A few minutes into the session the hotel had a power cut – and everything went dark! The projector was off, my laptop was on battery, the room and hallway lights were out. It was just me, in a dark room full of people looking for information. It stayed that way for the rest of the session.
Thankfully, those attending were great sports, and wanted to continue. So I went through the “slides” – attempting to describe what I would have shown, and explaining as best I could with no visual aids. To that group, this post is dedicated, as the “invisible” slides are below, with my descriptions below that.
Slide 1: Overview.

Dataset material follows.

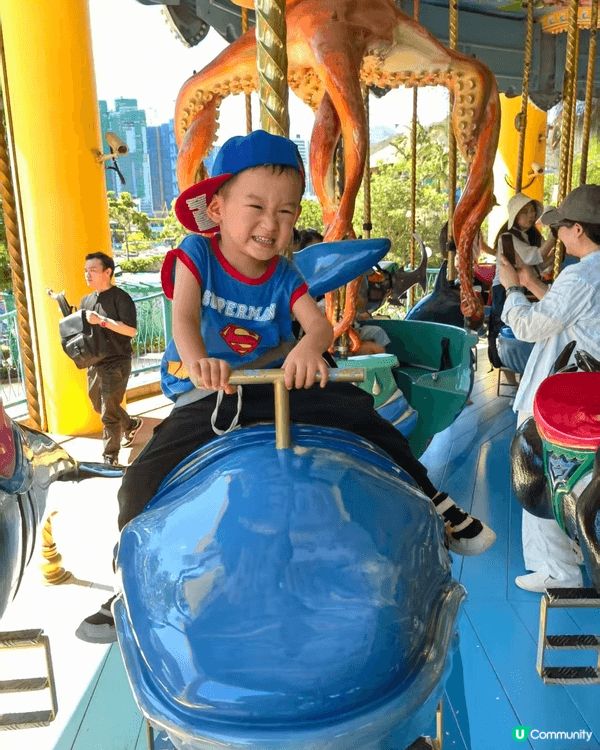 香港海洋公園匯集各類海洋生物，設有刺激機動遊戲，兼具科普教育...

We’ll be covering Navigating the Google Analytics screens; How to focus on the most important areas; and how to automate repetetive tasks.
Slide 2: As we navigate the screens, we’ll look at date ranges, and how to change them, understanding the graph at the top of most reports, understanding and using the table of data in the reports, and we’ll look at the most relevant menu selections along the left side.
Slide 3: Looking at the Graph, the default shows points for each day in the date range. You’ll find that changing to the other options can be useful. This is useful if you are looking at a month or two. If you are looking at only a few days, Hourly might be useful. If you are looking at longer periods, like an entire year, Weekly or Monthly may make trends appear more clearly.
Slide 4: The pulldown at upper left above the graph says “Sessions” by default. Sessions used to be called Visits. You can change the pulldown to other entries, or add a second metric to see things graphed against one another. Play with this to see if there is anything you’re interested in seeing.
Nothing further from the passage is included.